__THE TASK__. Output range, inclusive: from the line containing "Shungite | Small Pyramid" to the line containing "Equipamento que trava". Restate those lines from the data below word for word and only those.

(Extracted data entries)
■ ■ ■ ■

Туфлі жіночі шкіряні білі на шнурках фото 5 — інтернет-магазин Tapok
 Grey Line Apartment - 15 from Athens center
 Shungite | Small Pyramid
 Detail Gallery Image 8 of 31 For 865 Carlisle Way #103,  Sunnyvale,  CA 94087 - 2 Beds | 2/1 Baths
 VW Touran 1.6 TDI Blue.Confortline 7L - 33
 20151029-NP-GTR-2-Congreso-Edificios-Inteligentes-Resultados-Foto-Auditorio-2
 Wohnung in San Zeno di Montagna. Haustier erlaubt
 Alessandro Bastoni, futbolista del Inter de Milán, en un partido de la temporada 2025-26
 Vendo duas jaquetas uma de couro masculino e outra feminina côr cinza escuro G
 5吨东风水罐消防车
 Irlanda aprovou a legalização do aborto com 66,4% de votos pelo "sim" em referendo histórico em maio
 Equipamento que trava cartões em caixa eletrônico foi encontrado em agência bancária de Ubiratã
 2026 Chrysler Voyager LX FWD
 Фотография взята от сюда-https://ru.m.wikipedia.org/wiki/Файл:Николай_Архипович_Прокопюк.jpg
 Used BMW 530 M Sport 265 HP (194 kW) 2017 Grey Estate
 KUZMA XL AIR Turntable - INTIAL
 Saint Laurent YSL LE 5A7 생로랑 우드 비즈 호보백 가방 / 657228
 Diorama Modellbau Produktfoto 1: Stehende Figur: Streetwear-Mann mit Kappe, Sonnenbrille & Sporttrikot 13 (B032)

■ ■ ■ ■

__TASK ANSWER__.
 Shungite | Small Pyramid
 Detail Gallery Image 8 of 31 For 865 Carlisle Way #103,  Sunnyvale,  CA 94087 - 2 Beds | 2/1 Baths
 VW Touran 1.6 TDI Blue.Confortline 7L - 33
 20151029-NP-GTR-2-Congreso-Edificios-Inteligentes-Resultados-Foto-Auditorio-2
 Wohnung in San Zeno di Montagna. Haustier erlaubt
 Alessandro Bastoni, futbolista del Inter de Milán, en un partido de la temporada 2025-26
 Vendo duas jaquetas uma de couro masculino e outra feminina côr cinza escuro G
 5吨东风水罐消防车
 Irlanda aprovou a legalização do aborto com 66,4% de votos pelo "sim" em referendo histórico em maio
 Equipamento que trava cartões em caixa eletrônico foi encontrado em agência bancária de Ubiratã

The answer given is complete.